◆ Work to be completed: Go through the material under this sentence. Return every line holding "with".

[Extracted data — start]

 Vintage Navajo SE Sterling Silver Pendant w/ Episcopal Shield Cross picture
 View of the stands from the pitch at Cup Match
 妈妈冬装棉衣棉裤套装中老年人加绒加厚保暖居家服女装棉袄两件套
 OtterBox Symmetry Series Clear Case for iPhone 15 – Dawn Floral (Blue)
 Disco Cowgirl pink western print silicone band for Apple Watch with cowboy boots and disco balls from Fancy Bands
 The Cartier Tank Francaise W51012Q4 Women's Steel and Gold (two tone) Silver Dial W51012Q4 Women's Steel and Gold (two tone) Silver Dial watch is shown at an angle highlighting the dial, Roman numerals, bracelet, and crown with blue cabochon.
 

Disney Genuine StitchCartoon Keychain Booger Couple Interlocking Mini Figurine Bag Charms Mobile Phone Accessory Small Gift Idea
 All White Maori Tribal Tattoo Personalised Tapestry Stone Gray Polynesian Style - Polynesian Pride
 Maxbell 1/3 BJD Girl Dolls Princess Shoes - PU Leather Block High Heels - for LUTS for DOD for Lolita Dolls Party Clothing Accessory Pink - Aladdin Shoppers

[Extracted data — finish]
[Extracted data — start]

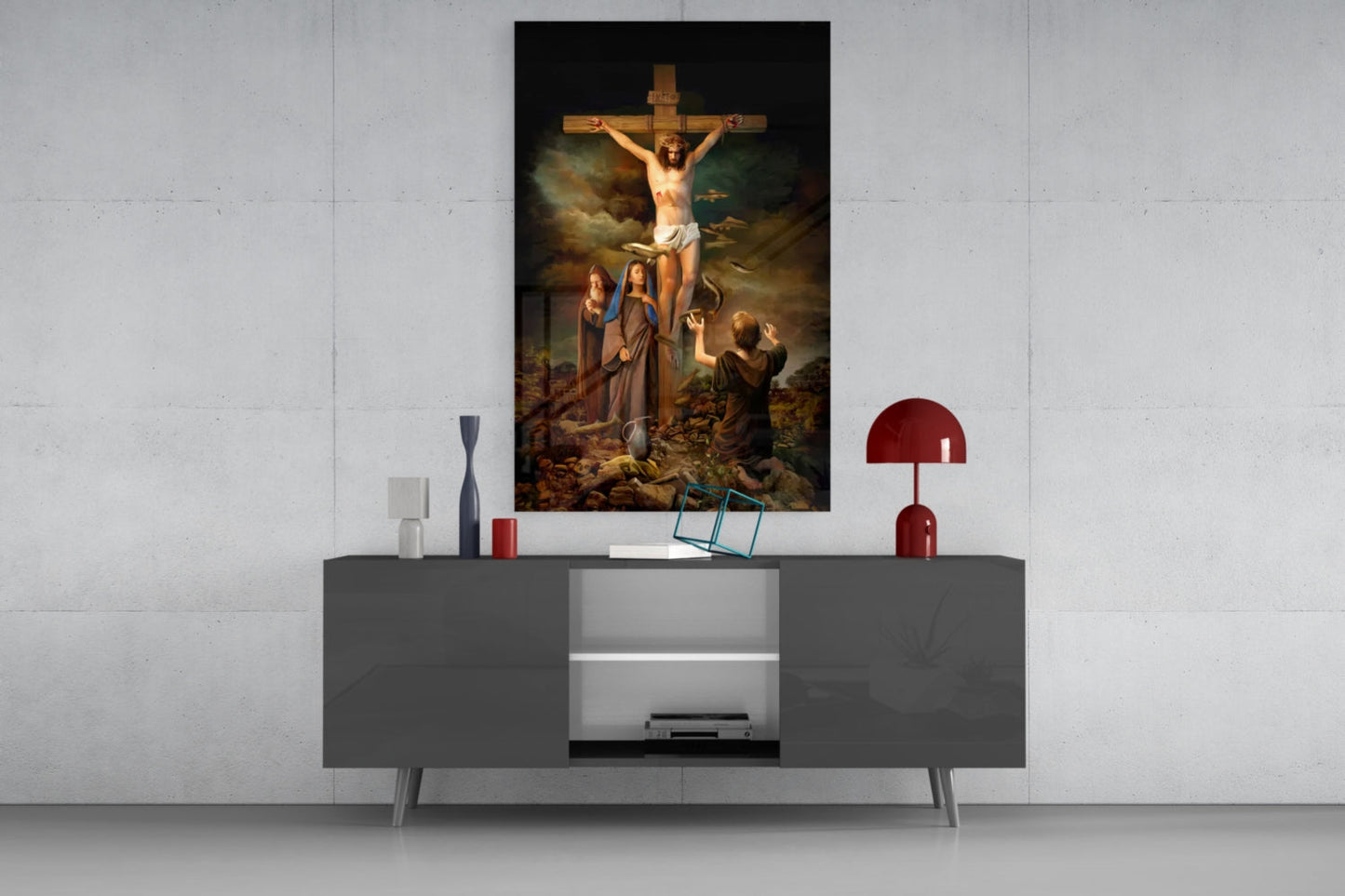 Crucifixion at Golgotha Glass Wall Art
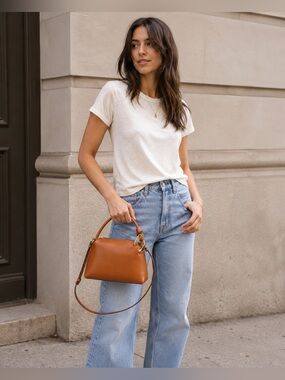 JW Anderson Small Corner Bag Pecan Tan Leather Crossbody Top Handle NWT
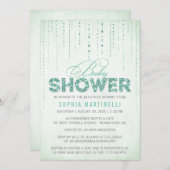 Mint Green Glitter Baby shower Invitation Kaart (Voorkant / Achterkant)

[Extracted data — finish]

◆ Answer to this problem:
 Disco Cowgirl pink western print silicone band for Apple Watch with cowboy boots and disco balls from Fancy Bands
 The Cartier Tank Francaise W51012Q4 Women's Steel and Gold (two tone) Silver Dial W51012Q4 Women's Steel and Gold (two tone) Silver Dial watch is shown at an angle highlighting the dial, Roman numerals, bracelet, and crown with blue cabochon.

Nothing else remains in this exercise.